Sukses

Dampak Onani Dan Memperbesar Penis Di Dunia Medis

23 Oct 2015, 16:03 WIB
Pria, 20 tahun.

Saya ingin tau dok, apakah dengan onani bisa membuat penis semakin kecil atau memendek? Satu lagi apakah bisa secara medis penis diperpanjang atau diperbesar, kalau bisa caranya bagaimana dok? Terimakasih banyak dok atas jawabannya.

Terima kasih telah menggunakan layanan e-konsultasi KlikDokter.

Kami memahami kekhawatiran yang Anda rasakan. Izinkan kami menjelaskan apa saja dampak onani atau masturbasi. Terlalu sering onani hingga sekarang belum dikaitkan langsung dengan disfungsi ereksi, ejakulasi dini atau gangguan kesuburan. Onani atau masturbasi merupakan suatu perangsangan seksual pada alat kelamin yang sengaja dilakukan untuk mendapatkan kepuasan seksual. Kebiasaan melakukan masturbasi bukanlah hal yang positif oleh karena itu kami tidak menganjurkan hal tersebut, terlebih jika dilakukan frekuensi yang sangat sering (hampir setiap hari). 

Efek dari kebiasaan melakukan masturbasi lebih condong kepada masalah psikis dimana timbul pikiran terus menerus untuk melakukan masturbasi dan perasaan bersalah karena masturbasi. Masalah-masalah psikis ini dapat memicu terjadinya stres tanpa disadari sehingga dapat menyebabkan terjadinya disfungsi ereksi (impotensi) atau ejakulasi dini secara tidak langsung. Selain itu, tindakan masturbasi juga dapat menyebabkan perlukaan dan peningkatan risiko infeksi pada kemaluan akibat penggunaan benda-benda yang tidak terjamin kebersihannya. 
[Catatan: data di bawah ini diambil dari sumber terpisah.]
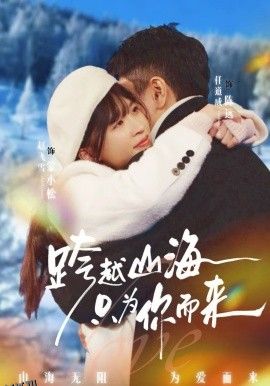 跨越山海只为你而来 海报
Beberapa cara yang dapat dilakukan untuk mengalihkan keinginan melakukan masturbasi adalah dengan melakukan hal-hal yang lebih positif seperti dengan berolah raga, melakukan hobi-hobi Anda, berpuasa, beribadah, dll. Hindarilah hal-hal yang memicu anda untuk melakukan masturbasi.

Setau Kami tidak ada hal yang bisa menyebabkan penis lebih pendek atau panjang.

Tidak ada yang efektif sebagai cara memperbesar penis, termasuk tindakan operasi. Meskipun, memang satu-satunya cara memperbesar penis adalah melalui operasi, namun pembesaran penis dengan cara operasi tersebut  ternyata tidak efektif. Produk-produk yang memberi janji dapat memperbesar kemaluan justru dapat "merusak" kemaluan itu sendiri. Banyak produk yang ditawarkan dengan janji bahwa produk tersebut dapat memperbesar penis. Namun tidak ada penelitian ilmiah yang mendukung penggunaan metode-metode non-operatif untuk memperbesar penis, dan secara medis tidak dianjurkan pembesaran penis dengan cara operasi hanya untuk alasan kosmetik. Sedangkan metode-metode yang ditawarkan justru dapat "merusak" penis dan beberapa menyebabkan impotensi. Karena itu, sebaiknya berpikir matang-matang sebelum mencoba produk apapun yang katanya dapat memperbesar penis. Bukannya mendapatkan hasil yang diinginkan, malahan mendapatkan efek samping menjadi impoten.

Panjang penis yang normal adalah 7,6 - 10,2 cm (saat lemas) dan 12,7 - 17,8 cm (saat ereksi). Penis dianggap kecil (abnormal) jika panjangnya kurang dari 7,6 cm saat mengalami ereksi (mikropenis). Jika ukuran penis Anda masih ada dalam kisaran ukuran tersebut maka tidak ada yang perlu Anda khawatirkan.

Demikian informasi ini kami sampaikan, semoga bermanfaat.